Clean Speech Research Articles

The goal of speech enhancement is to restore clean speech in noisy environments. Acoustic scenarios with low signal-to-noise ratios (SNR) make it quite challenging to extract the target speech from its noise. In the current study, to enhance noisy speech, we propose a feature recalibration based multi-scale convolutional encoder-decoder architecture with squeeze temporal convolutional networks (S-TCN) bottleneck. Each multi-scale convolutional layer in encoder and decoder is followed by time-frequency attention module (TFA). The recalibration based multi-scale 2D convolution layers are used to extract local and contextual information. Additionally, the recalibration network is equipped with a gating mechanism to control the flow of information among the layers, enabling weighting of the scaled features for noise suppression and speech retention.

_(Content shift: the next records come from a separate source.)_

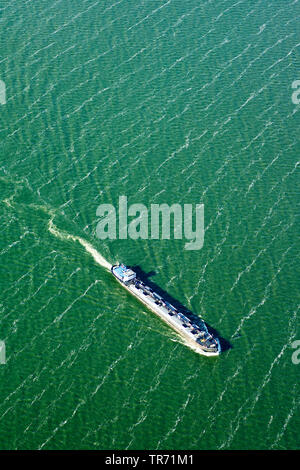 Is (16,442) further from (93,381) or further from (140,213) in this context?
(140,213)

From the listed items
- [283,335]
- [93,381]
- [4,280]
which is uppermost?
[4,280] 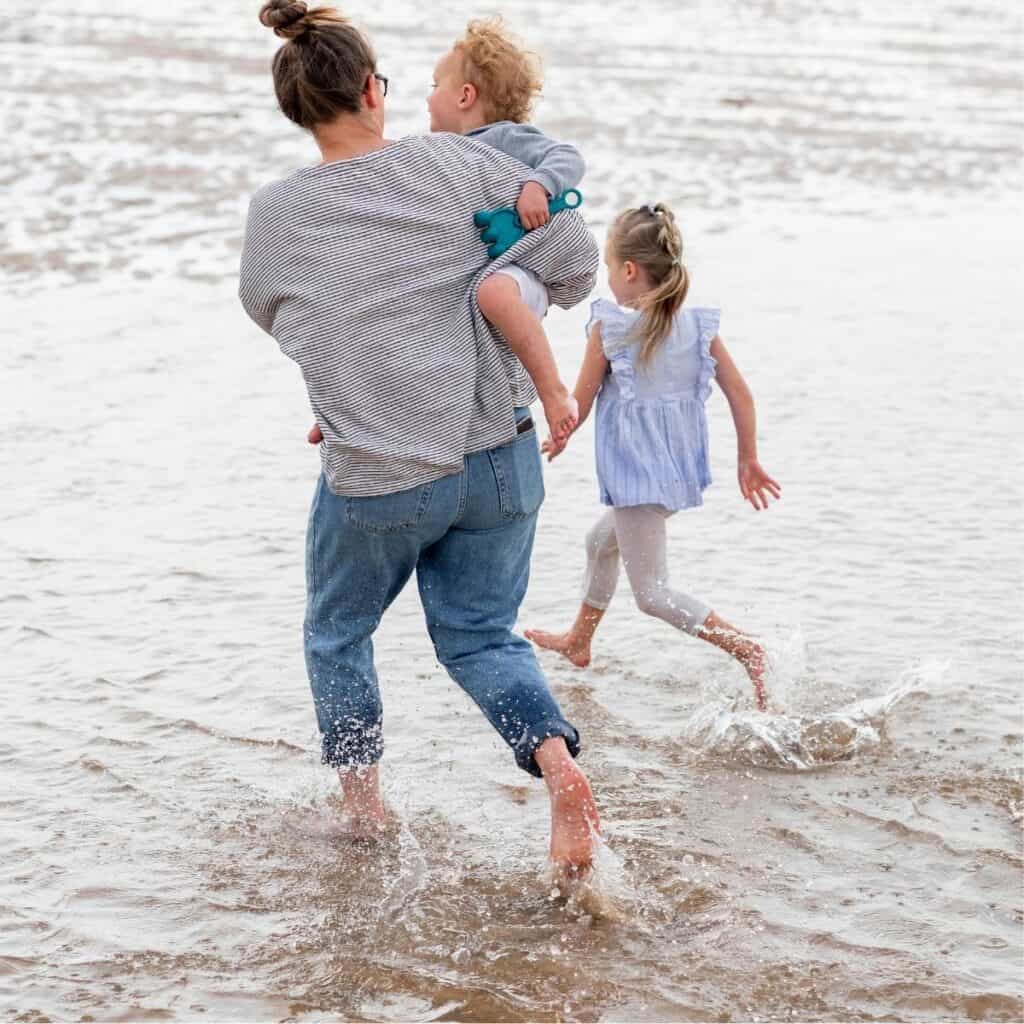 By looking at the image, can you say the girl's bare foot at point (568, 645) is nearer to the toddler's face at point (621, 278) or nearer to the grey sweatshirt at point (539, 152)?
the toddler's face at point (621, 278)

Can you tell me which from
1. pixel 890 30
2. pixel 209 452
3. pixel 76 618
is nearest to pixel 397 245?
pixel 76 618

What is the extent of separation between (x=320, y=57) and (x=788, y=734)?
2231 mm

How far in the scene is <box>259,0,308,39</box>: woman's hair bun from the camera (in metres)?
3.24

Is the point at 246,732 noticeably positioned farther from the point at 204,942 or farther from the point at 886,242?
the point at 886,242

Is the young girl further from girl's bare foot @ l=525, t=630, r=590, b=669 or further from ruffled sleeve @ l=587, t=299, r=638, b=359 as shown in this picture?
girl's bare foot @ l=525, t=630, r=590, b=669

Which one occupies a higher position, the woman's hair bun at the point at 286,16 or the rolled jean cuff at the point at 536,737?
the woman's hair bun at the point at 286,16

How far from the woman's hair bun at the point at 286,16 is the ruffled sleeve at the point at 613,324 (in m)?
1.56

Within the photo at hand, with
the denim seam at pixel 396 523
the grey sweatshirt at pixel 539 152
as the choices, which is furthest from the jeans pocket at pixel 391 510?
the grey sweatshirt at pixel 539 152

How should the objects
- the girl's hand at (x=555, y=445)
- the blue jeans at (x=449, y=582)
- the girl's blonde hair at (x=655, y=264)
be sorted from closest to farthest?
the blue jeans at (x=449, y=582) → the girl's hand at (x=555, y=445) → the girl's blonde hair at (x=655, y=264)

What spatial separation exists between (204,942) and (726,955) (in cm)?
108

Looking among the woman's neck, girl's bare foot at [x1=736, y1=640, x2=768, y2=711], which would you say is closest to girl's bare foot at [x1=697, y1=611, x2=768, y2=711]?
girl's bare foot at [x1=736, y1=640, x2=768, y2=711]

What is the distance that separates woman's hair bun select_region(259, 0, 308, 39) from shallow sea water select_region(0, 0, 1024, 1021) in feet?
5.99

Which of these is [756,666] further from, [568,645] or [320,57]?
[320,57]

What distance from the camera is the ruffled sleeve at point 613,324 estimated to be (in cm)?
464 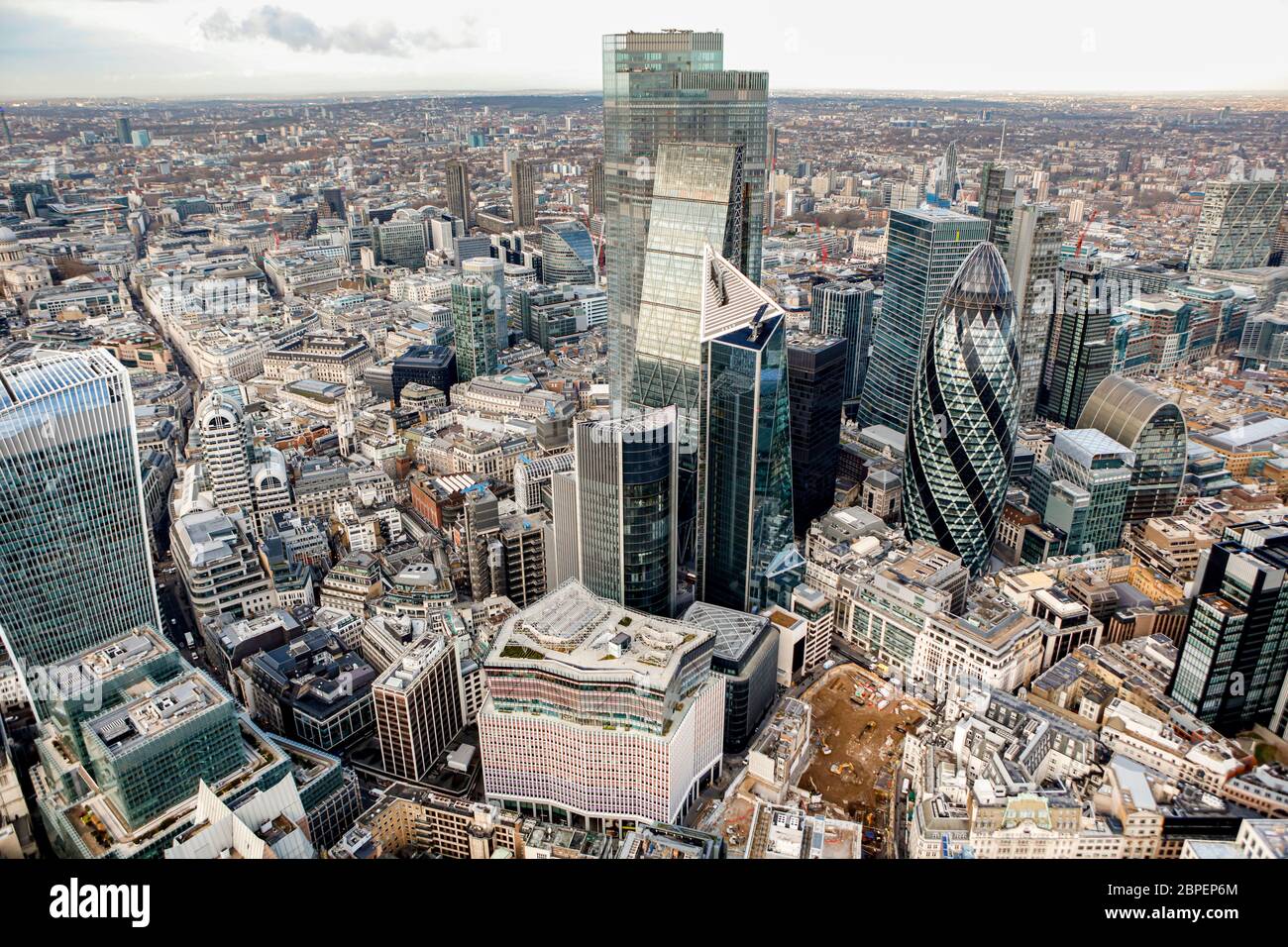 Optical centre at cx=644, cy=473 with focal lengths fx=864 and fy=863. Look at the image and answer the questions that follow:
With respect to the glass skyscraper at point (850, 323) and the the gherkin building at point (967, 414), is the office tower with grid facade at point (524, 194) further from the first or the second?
the the gherkin building at point (967, 414)

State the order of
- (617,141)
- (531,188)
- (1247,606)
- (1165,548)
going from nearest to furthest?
(1247,606) → (1165,548) → (617,141) → (531,188)

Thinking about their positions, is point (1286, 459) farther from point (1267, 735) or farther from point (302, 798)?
point (302, 798)

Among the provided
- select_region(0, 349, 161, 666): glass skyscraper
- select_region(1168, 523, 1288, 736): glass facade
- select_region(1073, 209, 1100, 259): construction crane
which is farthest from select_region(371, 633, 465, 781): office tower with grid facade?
select_region(1073, 209, 1100, 259): construction crane

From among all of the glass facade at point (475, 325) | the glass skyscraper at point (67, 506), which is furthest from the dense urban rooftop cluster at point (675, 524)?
the glass facade at point (475, 325)

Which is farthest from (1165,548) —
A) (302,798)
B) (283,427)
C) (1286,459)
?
(283,427)

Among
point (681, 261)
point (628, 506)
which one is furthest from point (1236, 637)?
point (681, 261)

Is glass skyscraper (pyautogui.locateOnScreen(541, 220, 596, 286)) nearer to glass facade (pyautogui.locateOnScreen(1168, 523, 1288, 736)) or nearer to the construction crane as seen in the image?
the construction crane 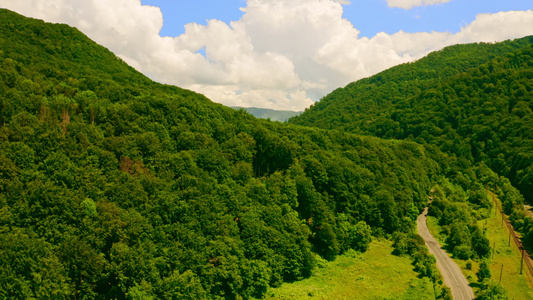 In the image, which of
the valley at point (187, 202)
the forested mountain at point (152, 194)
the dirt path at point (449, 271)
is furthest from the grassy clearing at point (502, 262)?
the forested mountain at point (152, 194)

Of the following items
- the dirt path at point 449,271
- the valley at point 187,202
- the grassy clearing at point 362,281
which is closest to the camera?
the valley at point 187,202

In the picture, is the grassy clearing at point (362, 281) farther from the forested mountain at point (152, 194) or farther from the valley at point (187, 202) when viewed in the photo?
the forested mountain at point (152, 194)

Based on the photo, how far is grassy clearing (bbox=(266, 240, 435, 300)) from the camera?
4859cm

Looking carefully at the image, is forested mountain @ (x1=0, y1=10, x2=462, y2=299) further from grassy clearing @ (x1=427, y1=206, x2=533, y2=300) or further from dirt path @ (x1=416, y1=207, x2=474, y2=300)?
grassy clearing @ (x1=427, y1=206, x2=533, y2=300)

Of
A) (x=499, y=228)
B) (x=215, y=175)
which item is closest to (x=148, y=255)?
(x=215, y=175)

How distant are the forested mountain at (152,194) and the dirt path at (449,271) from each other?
3855 millimetres

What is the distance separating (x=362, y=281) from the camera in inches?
2092

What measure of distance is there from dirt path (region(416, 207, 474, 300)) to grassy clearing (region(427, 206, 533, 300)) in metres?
1.16

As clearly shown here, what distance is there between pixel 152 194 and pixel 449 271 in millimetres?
53080

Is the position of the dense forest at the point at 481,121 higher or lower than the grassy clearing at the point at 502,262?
higher

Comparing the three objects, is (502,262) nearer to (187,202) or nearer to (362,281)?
(362,281)

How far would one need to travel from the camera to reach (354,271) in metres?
56.6

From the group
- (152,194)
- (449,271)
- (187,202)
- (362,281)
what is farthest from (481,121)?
(152,194)

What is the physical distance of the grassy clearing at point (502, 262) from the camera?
Answer: 2299 inches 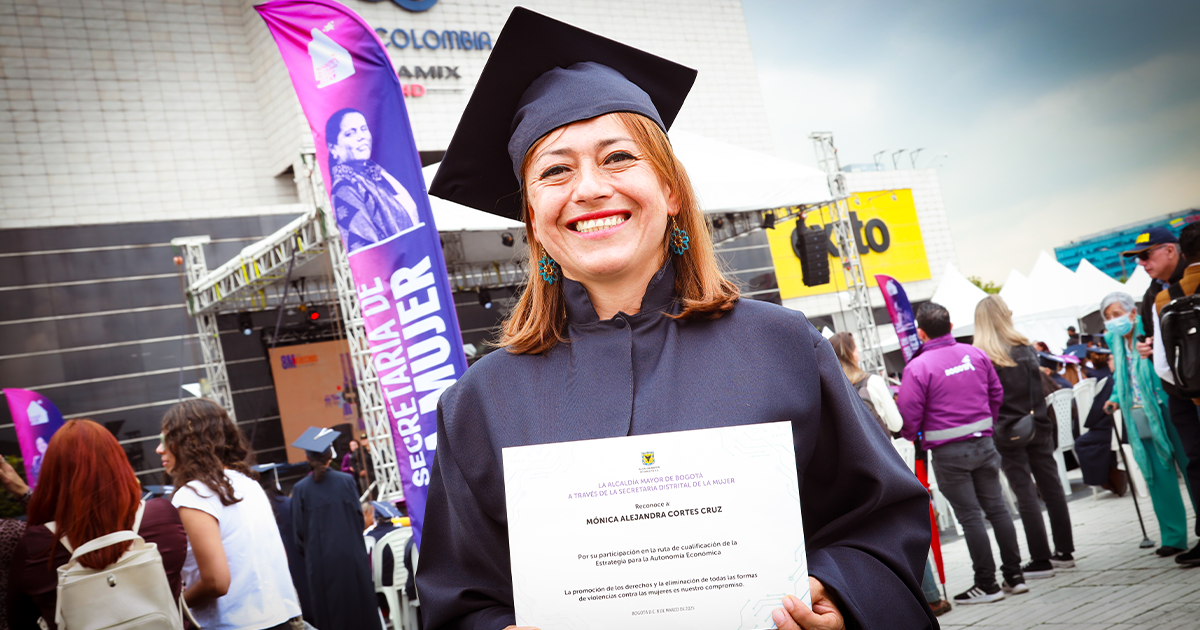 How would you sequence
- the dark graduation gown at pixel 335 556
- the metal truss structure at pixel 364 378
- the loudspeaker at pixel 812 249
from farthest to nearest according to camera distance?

The fully connected layer (FC) in the bottleneck part of encoder-decoder contains a few neurons, which capture the global information from the multi-scale 2D convolution layer and reduce parameters. A S-TCN, inspired by the popular temporal convolutional neural network (TCNN), is inserted between the encoder and the decoder to model long-term dependencies in speech. The TFA is a highly efficient network component, that operates through two simultaneous attentions, one focused on time frames, and the other on frequency channels. These attentions work together to explicitly exploit positional information to create a two-dimensional attention map to effectively capture the significant time-frequency distribution of speech. Utilizing the common voice dataset, our proposed model consistently enhances results compared to the current benchmarks, as demonstrated by two extensively utilized objective measures PESQ and STOI. The proposed model shows significant improvements, with average PESQ and STOI scores increasing by 45.7% and 23.8% respectively for seen background noises, and by 43.5% and 21.4% for unseen background noises, when compared to the quality of noisy speech. Tests validate that the proposed approach outperforms numerous cutting-edge algorithms.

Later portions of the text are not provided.